------ SOURCE MATERIAL ------
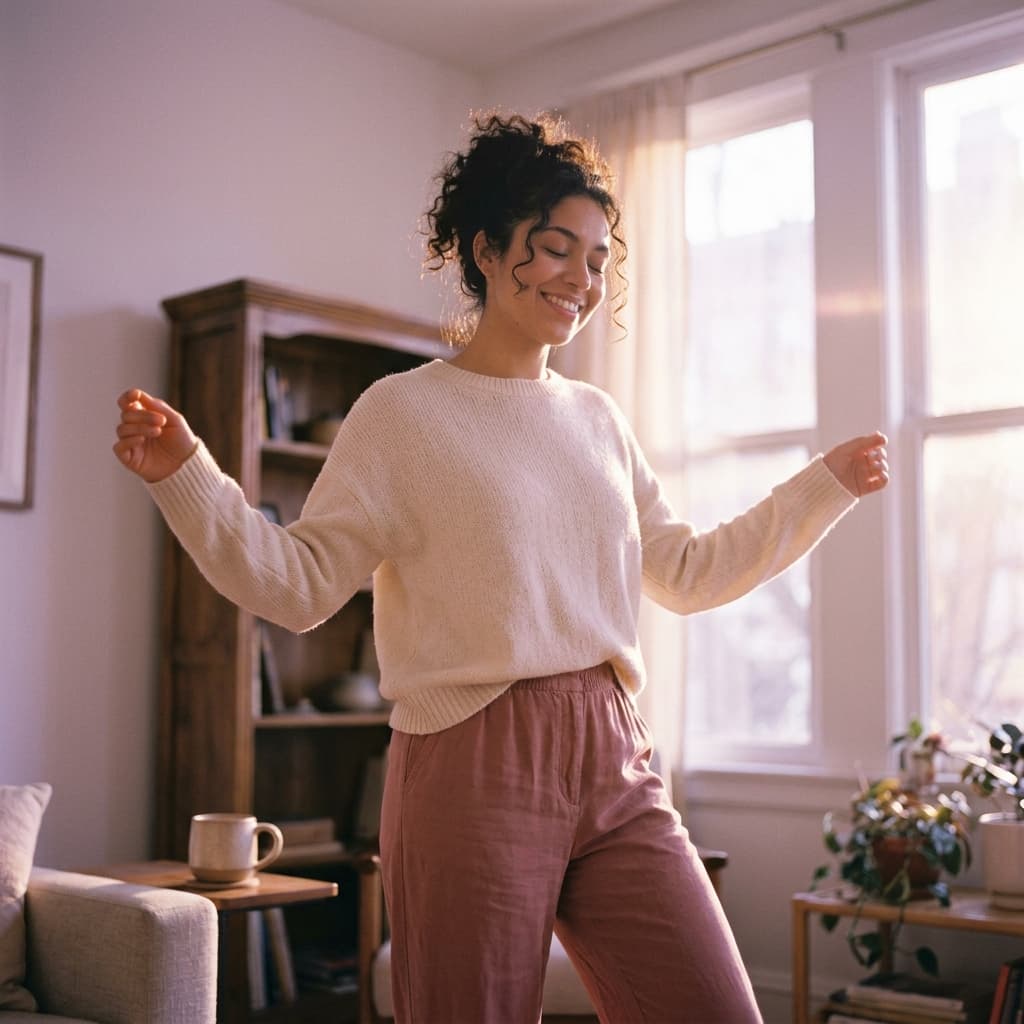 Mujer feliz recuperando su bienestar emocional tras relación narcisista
------
------ SOURCE MATERIAL ------
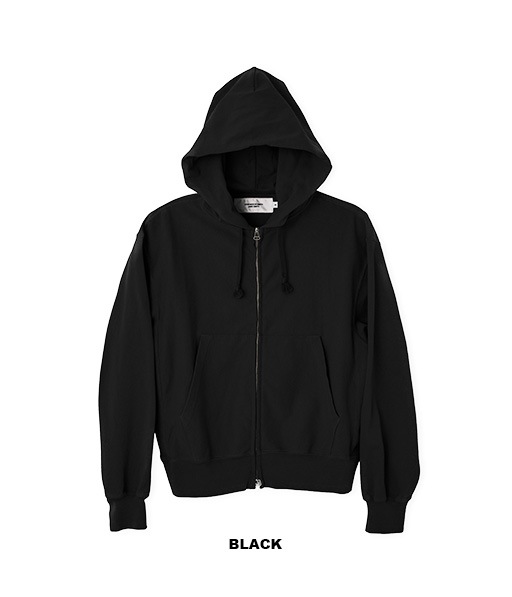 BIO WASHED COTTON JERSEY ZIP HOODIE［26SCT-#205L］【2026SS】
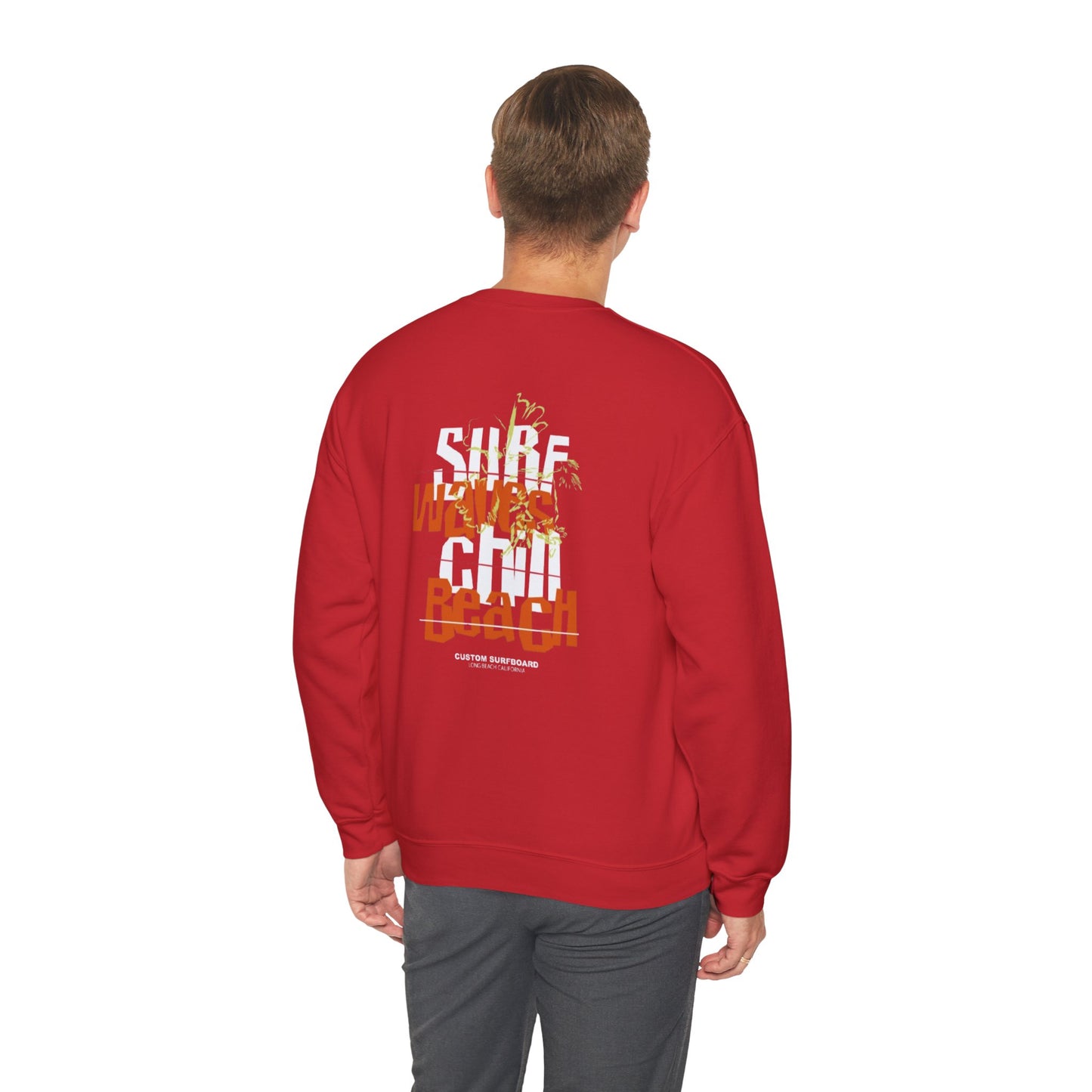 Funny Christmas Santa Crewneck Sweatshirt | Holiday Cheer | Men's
------
------ SOURCE MATERIAL ------
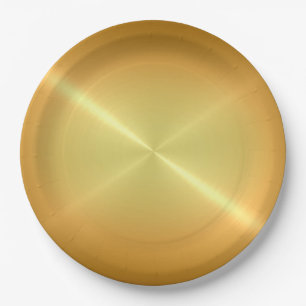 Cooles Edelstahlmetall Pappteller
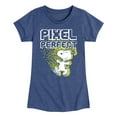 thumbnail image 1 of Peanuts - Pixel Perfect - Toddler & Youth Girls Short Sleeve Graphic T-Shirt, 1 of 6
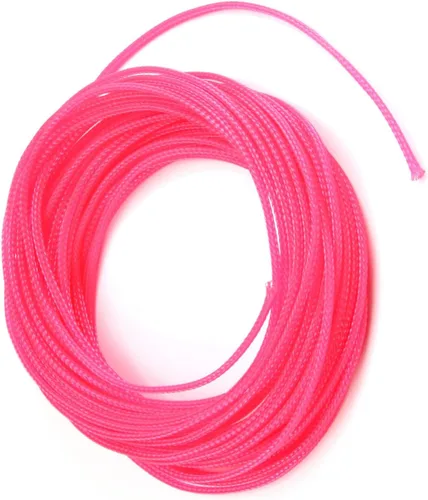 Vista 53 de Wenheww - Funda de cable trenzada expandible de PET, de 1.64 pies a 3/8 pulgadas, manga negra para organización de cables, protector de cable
------
**INSTRUCTIONS FOR THE TASK**
Please copy the lines above exactly, starting at the line that holds "BIO WASHED COTTON" and ending at the line that holds "Funny Christmas Santa"; include both, but no pictures.

**COMPLETED TASK**
 BIO WASHED COTTON JERSEY ZIP HOODIE［26SCT-#205L］【2026SS】
 Funny Christmas Santa Crewneck Sweatshirt | Holiday Cheer | Men's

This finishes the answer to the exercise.